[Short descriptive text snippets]
-- Opening Marker --

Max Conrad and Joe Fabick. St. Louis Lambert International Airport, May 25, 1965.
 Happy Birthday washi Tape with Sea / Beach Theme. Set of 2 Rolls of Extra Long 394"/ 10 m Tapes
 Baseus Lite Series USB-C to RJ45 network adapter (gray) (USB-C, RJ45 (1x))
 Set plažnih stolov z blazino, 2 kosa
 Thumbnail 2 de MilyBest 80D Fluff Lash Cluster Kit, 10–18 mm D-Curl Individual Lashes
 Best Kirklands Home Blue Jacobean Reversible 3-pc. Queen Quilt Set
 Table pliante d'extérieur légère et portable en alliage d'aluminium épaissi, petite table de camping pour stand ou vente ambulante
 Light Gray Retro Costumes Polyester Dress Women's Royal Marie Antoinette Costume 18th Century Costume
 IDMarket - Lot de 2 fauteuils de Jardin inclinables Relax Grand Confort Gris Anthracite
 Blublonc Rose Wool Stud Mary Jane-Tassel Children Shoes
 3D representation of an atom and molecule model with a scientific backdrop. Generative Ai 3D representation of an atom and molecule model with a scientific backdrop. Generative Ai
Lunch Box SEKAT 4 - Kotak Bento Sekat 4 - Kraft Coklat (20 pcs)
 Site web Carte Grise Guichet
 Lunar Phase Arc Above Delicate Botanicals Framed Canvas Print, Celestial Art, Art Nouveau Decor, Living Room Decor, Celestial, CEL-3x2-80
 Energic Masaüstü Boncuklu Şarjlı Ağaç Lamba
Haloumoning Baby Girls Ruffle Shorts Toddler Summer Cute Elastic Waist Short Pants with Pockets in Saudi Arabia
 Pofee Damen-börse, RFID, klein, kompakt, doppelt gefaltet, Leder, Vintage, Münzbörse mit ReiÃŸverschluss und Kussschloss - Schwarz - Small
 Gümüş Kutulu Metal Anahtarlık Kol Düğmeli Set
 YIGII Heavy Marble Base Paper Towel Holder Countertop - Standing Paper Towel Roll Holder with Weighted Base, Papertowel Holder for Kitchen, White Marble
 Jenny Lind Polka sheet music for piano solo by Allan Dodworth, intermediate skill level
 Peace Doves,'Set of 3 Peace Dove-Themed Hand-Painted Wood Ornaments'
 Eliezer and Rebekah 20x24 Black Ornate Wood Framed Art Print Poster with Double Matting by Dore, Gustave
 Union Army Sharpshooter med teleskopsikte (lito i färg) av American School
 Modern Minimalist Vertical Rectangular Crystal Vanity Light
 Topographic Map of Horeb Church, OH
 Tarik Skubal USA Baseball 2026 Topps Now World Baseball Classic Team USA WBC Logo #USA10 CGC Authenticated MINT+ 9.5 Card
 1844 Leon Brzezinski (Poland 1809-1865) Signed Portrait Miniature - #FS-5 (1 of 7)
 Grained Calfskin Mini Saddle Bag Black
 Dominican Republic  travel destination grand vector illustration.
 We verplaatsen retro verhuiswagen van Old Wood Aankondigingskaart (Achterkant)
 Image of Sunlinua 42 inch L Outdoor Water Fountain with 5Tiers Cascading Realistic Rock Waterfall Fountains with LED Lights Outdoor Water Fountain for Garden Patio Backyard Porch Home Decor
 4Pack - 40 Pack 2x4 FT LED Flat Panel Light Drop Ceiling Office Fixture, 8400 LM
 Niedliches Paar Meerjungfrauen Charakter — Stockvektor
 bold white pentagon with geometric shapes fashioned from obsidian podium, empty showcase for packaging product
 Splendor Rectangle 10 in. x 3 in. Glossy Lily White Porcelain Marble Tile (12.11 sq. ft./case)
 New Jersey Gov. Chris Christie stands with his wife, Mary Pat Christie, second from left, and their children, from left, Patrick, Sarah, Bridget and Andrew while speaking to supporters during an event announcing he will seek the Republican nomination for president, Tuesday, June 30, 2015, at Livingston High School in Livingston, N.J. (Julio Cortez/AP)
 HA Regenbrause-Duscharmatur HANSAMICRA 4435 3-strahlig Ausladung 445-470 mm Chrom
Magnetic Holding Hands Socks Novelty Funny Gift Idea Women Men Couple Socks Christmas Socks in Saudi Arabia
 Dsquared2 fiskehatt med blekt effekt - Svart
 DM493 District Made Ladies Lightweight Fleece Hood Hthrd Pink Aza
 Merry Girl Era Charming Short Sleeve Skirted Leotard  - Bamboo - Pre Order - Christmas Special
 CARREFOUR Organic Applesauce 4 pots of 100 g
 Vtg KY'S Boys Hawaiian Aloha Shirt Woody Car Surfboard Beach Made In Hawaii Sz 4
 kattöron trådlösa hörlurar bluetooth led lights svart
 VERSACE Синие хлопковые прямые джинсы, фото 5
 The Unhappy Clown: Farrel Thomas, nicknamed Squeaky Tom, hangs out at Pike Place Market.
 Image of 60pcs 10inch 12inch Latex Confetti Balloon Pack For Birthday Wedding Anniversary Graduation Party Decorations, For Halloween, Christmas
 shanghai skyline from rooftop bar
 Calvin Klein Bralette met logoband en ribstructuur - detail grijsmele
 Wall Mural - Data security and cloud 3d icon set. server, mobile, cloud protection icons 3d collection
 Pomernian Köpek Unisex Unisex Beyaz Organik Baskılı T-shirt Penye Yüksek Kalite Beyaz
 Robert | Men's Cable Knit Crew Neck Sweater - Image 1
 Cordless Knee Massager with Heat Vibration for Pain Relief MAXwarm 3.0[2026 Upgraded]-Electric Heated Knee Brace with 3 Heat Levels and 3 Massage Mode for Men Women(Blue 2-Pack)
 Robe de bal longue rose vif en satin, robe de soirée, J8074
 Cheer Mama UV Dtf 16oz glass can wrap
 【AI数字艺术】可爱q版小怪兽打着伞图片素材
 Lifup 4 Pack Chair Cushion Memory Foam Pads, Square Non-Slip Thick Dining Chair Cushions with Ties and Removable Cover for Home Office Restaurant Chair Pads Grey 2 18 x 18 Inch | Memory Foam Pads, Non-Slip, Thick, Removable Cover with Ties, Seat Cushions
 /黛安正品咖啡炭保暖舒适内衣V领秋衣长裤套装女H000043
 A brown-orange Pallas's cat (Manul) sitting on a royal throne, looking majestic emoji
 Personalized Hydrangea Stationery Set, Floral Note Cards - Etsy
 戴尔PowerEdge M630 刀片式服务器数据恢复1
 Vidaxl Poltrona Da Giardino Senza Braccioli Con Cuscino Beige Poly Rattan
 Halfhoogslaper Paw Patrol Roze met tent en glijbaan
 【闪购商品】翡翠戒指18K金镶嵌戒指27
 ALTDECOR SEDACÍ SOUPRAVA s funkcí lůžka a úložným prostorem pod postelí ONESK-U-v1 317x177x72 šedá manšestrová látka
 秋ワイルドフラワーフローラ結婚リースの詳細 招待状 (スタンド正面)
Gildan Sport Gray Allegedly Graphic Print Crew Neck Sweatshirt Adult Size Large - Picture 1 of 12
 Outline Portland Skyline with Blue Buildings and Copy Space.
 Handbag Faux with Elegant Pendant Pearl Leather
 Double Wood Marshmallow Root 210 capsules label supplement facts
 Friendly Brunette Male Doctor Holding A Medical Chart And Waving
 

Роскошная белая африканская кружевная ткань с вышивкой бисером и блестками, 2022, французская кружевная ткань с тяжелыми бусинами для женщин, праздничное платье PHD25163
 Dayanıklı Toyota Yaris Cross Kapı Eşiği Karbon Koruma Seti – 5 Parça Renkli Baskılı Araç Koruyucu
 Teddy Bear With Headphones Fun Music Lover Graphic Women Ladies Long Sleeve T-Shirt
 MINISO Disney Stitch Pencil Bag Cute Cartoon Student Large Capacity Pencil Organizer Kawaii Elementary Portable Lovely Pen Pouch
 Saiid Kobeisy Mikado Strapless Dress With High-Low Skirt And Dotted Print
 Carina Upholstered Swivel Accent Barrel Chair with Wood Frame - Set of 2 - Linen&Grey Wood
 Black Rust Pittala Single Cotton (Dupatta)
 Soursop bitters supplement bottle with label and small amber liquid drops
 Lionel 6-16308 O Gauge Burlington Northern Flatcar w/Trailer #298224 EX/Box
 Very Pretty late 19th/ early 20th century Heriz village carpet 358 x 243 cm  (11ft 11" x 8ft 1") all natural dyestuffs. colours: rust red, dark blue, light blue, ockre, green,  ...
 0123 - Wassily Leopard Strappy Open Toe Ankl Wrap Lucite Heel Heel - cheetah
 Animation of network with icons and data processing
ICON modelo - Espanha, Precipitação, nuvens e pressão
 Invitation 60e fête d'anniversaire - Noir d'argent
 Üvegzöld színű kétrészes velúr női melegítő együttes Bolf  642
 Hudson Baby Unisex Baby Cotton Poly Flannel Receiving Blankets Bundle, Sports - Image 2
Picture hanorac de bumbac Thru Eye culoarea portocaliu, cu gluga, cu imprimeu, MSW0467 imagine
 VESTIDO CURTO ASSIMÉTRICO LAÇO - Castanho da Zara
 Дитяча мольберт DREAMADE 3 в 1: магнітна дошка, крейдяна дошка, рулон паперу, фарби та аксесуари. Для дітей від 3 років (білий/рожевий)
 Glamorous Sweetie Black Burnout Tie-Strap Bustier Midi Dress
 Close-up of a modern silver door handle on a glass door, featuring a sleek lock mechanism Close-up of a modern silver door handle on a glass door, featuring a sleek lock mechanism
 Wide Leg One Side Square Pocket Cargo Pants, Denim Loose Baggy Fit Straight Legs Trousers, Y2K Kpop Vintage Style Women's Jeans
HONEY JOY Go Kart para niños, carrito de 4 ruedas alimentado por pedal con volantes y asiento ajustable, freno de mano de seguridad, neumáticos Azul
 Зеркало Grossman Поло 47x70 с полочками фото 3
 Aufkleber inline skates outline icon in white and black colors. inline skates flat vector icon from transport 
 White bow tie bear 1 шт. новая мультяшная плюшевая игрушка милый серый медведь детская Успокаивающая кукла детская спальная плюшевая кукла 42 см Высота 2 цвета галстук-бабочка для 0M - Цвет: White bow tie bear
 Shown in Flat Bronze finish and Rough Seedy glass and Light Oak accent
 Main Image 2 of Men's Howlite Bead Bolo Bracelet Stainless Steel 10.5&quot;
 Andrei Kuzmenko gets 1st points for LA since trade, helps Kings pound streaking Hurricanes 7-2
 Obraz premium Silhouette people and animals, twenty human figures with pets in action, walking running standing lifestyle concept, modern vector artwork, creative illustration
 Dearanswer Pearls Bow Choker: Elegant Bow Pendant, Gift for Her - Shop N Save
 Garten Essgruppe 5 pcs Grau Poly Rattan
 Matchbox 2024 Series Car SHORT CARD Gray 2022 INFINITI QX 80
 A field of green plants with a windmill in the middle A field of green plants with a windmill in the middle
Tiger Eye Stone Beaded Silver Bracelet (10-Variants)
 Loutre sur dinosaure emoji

-- Closing Marker --

Brief
In the entries above, find the line with "秋ワイルドフラワーフローラ結婚リースの詳細 招待状 (スタンド正面)" and the line with "Soursop bitters supplement", then set down exactly those two and every line between them, nothing else.

Exercise solution
 秋ワイルドフラワーフローラ結婚リースの詳細 招待状 (スタンド正面)
Gildan Sport Gray Allegedly Graphic Print Crew Neck Sweatshirt Adult Size Large - Picture 1 of 12
 Outline Portland Skyline with Blue Buildings and Copy Space.
 Handbag Faux with Elegant Pendant Pearl Leather
 Double Wood Marshmallow Root 210 capsules label supplement facts
 Friendly Brunette Male Doctor Holding A Medical Chart And Waving
 

Роскошная белая африканская кружевная ткань с вышивкой бисером и блестками, 2022, французская кружевная ткань с тяжелыми бусинами для женщин, праздничное платье PHD25163
 Dayanıklı Toyota Yaris Cross Kapı Eşiği Karbon Koruma Seti – 5 Parça Renkli Baskılı Araç Koruyucu
 Teddy Bear With Headphones Fun Music Lover Graphic Women Ladies Long Sleeve T-Shirt
 MINISO Disney Stitch Pencil Bag Cute Cartoon Student Large Capacity Pencil Organizer Kawaii Elementary Portable Lovely Pen Pouch
 Saiid Kobeisy Mikado Strapless Dress With High-Low Skirt And Dotted Print
 Carina Upholstered Swivel Accent Barrel Chair with Wood Frame - Set of 2 - Linen&Grey Wood
 Black Rust Pittala Single Cotton (Dupatta)
 Soursop bitters supplement bottle with label and small amber liquid drops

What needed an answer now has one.